The underpass is covered in rattlecan, the colors and layers ripe for an archaeological excavation revealing cultures and pigments in strata, year by year, decade by decade. There are masterpieces, and remains of them, commingled with lazy tags and later imitators, swaths of cement canvas painted over and over as part of the dueling rituals of generations of street-savvy artists.
No inch of the underpass is spared, neither walls nor pillars nor the concrete spillway that ran down the center, save a perfect radius surrounding a solid black circle.
Standing between the North-most pillar and the North wall of the underpass, back against the pillar and toes six feet from the wall, is inscribed in matte paint a black circle no larger than thirty centimeters in diameter, and surrounded by a perfect circle of clean concrete stretching a meter.
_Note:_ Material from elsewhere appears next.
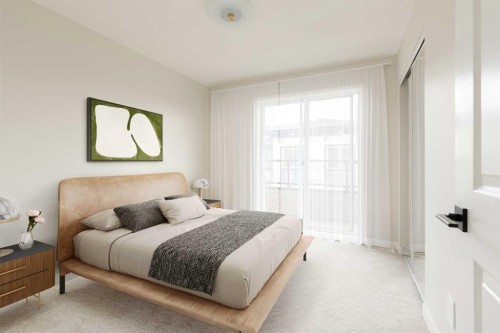 707-4270 Norford Avenue Nw, Calgary, AB - Indoor Photo Showing Bedroom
The surrounding art stops cleanly at the line, as if it had been masked off with a laser-cut stencil. The perfect line does not interrupt any designs or lines - instead, they look to have been designed around it, borders executed with precision.
When questioned, local graffiti writers know nothing about the strange marking or the border that surrounds it.
Across town, in a line due North as the crow flies, and at a distance that puts it just below the horizon from the first: a second black circle intrudes on a basketball court covered in sidewalk chalk.
It appears to be drawn with charcoal, and is the same size as the first. Childrens' scribbles swerve unnervingly away from it at the last moment, leaving a meter of blank pavement clean.
Due south, just over the horizon, in a cemetery dating to the 1800s, a single grave marker stands out from the rest - a bronze plaque with an acid-etched circle. Leaves do not settle around it.
Reaching out to touch the circles results in a horrible compulsion to pull away.
I decided to take choice out of the equation, and jump onto the chalk circle from a stepstool. When I awoke, I could see the stars regardless of daylight, and track the Moon through the Earth itself.